Stress due to dead load + live load ≤ permissible stress
Stress due to dead load + wind load ≤ permissible stress
Stress due to dead load + live load + wind load ≤ 1.33 permissible stress.

35. Limit State Method is based on _____________

a) calculations on service load conditions alone
b) calculations at working loads and ultimate loads
c) calculations on ultimate load conditions alone
d) calculations on earthquake loads

Answer: b
Explanation: Working stress method is based on calculations on service load conditions alone. Ultimate Strength method is based on calculations on ultimate load conditions alone. In Limit State method, safety at ultimate loads and serviceability at working loads are considered.

36. Limit state is defined as…………..?

a) Acceptable limits for safety and serviceability requirements after failure occurs
b) Acceptable limits for safety after failure occurs
c) Acceptable limits for safety and serviceability requirements before failure occurs
d) Acceptable limits for serviceability after failure occurs

Answer: c
Explanation: Acceptable limits for safety and serviceability requirements before failure occurs is called limit state. In Limit State design, structures are designed on the basis of safety against failure and are checked for serviceability requirements.

37. Which of the following format of factor is used in limit state method?

b) Partial safety factor
a) Single safety factor
c) Load factor
d) Wind factor

Answer: a
Explanation: Limit state method uses partial safety factor format that helps to provide adequate safety at ultimate loads and adequate serviceability at service loads, by considering all possible limit states.

38. Which of the following factors is included in the limit state of strength?

a) Fire
b) Failure by excessive deformation
c) Corrosion
d) Repairable damage or crack due to fatigue

Answer: b
Explanation: Limit state of strength are prescribed to avoid collapse of structure which may endanger safety of life and property.
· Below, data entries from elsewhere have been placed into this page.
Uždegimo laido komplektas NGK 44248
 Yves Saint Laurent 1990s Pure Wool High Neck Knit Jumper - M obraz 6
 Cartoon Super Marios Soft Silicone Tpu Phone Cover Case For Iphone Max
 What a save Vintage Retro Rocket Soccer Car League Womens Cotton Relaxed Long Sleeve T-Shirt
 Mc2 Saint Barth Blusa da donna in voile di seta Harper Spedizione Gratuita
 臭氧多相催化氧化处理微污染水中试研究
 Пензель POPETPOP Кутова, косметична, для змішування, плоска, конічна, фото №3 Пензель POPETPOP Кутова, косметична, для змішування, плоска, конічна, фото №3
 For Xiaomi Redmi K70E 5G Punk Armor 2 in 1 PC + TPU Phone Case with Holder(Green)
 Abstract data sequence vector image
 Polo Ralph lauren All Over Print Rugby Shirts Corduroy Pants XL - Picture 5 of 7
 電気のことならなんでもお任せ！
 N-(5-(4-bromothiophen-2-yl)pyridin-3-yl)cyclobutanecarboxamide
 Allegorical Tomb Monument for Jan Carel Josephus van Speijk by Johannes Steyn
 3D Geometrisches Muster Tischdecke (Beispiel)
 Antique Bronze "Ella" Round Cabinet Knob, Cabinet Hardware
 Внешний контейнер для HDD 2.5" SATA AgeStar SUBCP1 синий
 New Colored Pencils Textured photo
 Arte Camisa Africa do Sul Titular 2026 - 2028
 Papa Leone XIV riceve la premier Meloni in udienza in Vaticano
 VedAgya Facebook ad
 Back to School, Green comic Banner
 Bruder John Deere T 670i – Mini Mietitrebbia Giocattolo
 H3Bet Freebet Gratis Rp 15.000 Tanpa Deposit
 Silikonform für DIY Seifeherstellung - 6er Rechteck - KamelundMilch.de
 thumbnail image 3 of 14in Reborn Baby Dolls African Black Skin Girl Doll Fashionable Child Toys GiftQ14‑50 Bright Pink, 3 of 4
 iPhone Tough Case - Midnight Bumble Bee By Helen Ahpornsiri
It includes (i) loss of equilibrium of whole or part of structure, (ii) loss of stability of structure as a whole or part of structure, (iii) failure by excessive deformation, (iv) fracture due to fatigue , (v) brittle fracture.

39. ……………….. factors are included in the limit state of serviceability?

a) Brittle facture
b) Fracture due to fatigue
c) Failure by excessive deformation
d) Deformation and deflection adversely affecting appearance or effective use of structure

Answer: d
Explanation: Limit state of serviceability includes (i) deformation and deflection adversely affecting appearance or effective use of structure, (ii) vibrations in structure or any part of its compound limiting its functional effectiveness, (iii) repairable repair or crack due to fatigue, (iv) corrosion, (v) fire.

40. What is permanent action according to classification of actions by IS code?

a) due to construction and service stage loads
b) due to self weight
c) due to accidents
d) due to earthquake loads

Answer: b
Explanation: Permanent actions are actions due to self weight of structural and non structural components, fittings, ancillaries, fixed equipments etc.

41. Which of the following relation is correct?

a) Design Load = Characteristic Load
b) Design Load = Characteristic Load + Partial factor of safety
c) Design Load = Characteristic Load / Partial factor of safety
d) Design Load = Characteristic Load x Partial factor of safety

Answer: d
Explanation: Design Load = Partial factor of safety x Characteristic Load.
This partial safety factor accounts for possibility of unfavourable deviation of load from characteristic value, inaccurate assessment of load, uncertainty in assessment of effects of load and in assessment of limit state being considered.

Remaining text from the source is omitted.